- _Exercise details_
Look below for the line holding "Rustic Cabin By" and the line holding "Christmas illumination at". Repeat those two and everything between, exactly.

- _Exercise inputs_
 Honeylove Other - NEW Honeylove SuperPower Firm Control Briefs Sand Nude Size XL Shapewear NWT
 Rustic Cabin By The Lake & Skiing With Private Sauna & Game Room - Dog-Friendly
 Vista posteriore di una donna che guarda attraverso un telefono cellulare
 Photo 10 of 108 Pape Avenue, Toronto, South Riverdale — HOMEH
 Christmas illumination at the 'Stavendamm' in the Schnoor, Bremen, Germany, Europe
==
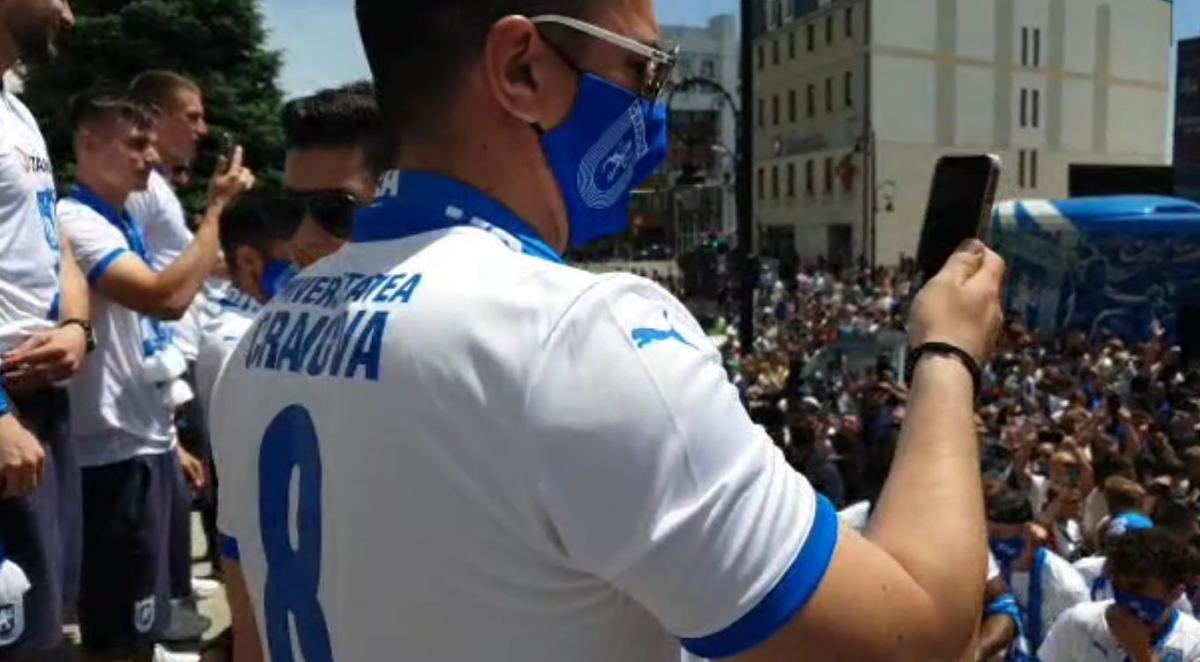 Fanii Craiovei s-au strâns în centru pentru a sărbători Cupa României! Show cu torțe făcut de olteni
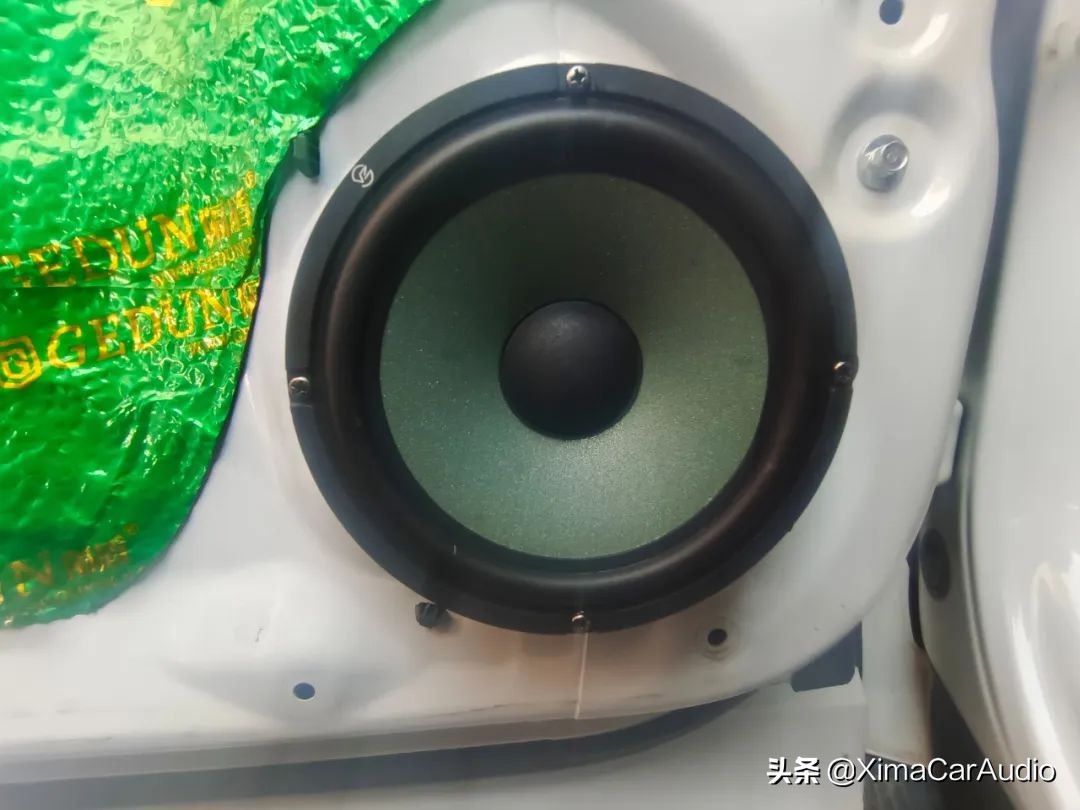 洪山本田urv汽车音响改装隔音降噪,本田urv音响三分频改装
--
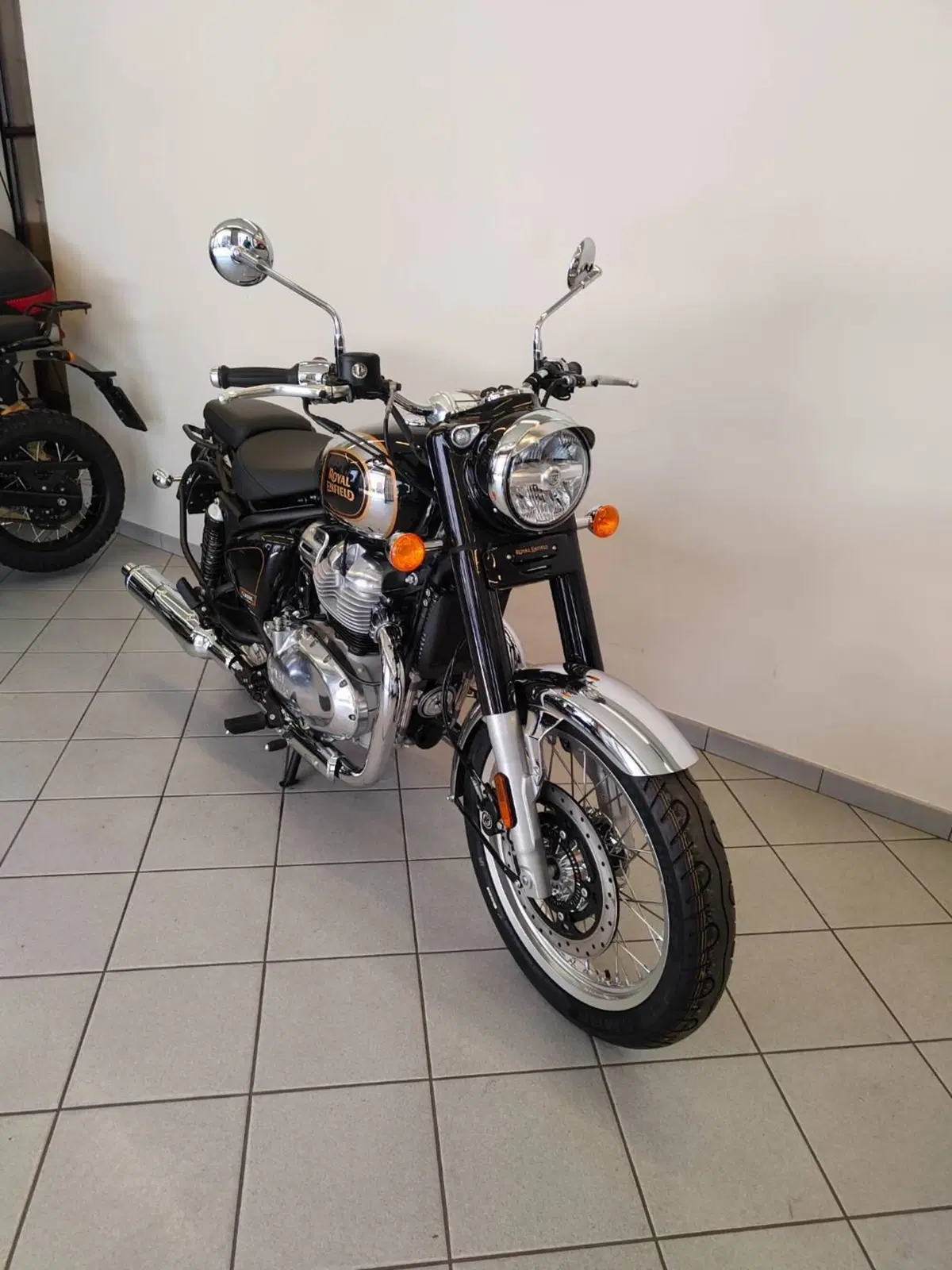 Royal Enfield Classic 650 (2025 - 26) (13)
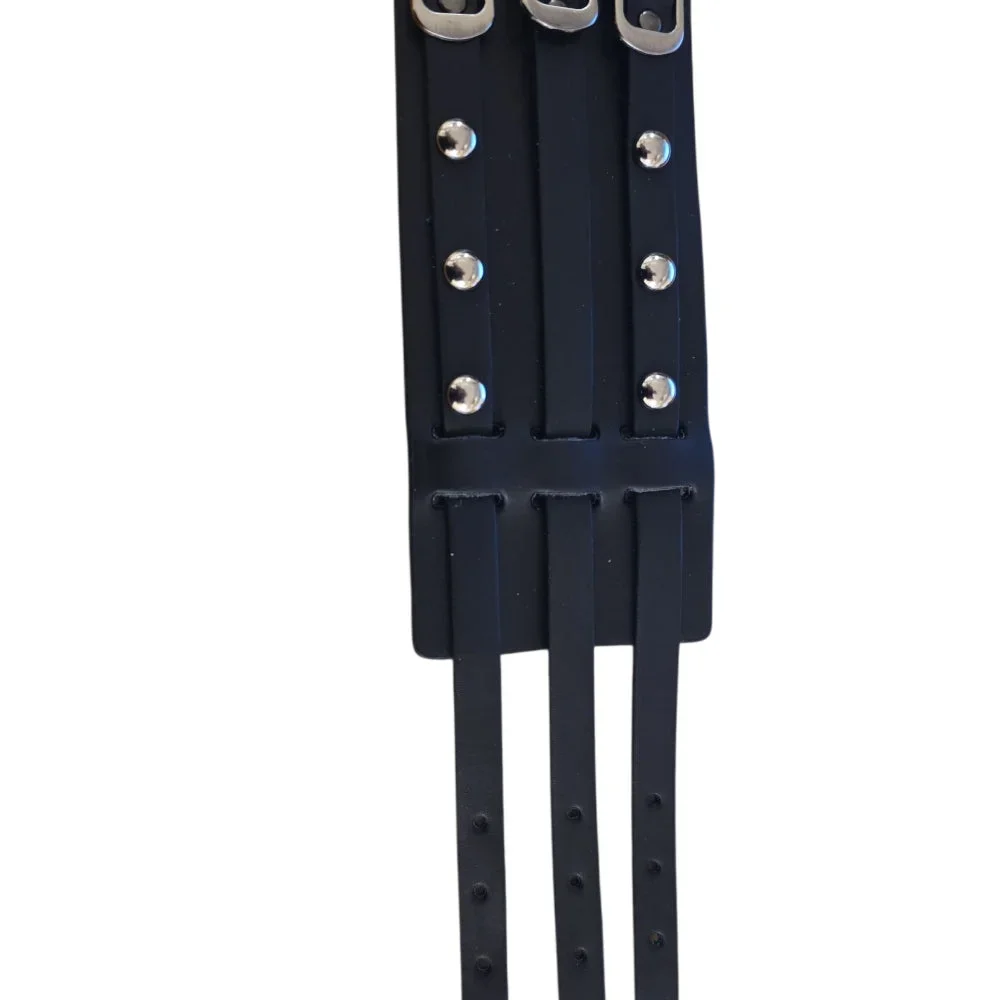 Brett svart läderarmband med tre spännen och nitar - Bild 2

- _Task output_
 Rustic Cabin By The Lake & Skiing With Private Sauna & Game Room - Dog-Friendly
 Vista posteriore di una donna che guarda attraverso un telefono cellulare
 Photo 10 of 108 Pape Avenue, Toronto, South Riverdale — HOMEH
 Christmas illumination at the 'Stavendamm' in the Schnoor, Bremen, Germany, Europe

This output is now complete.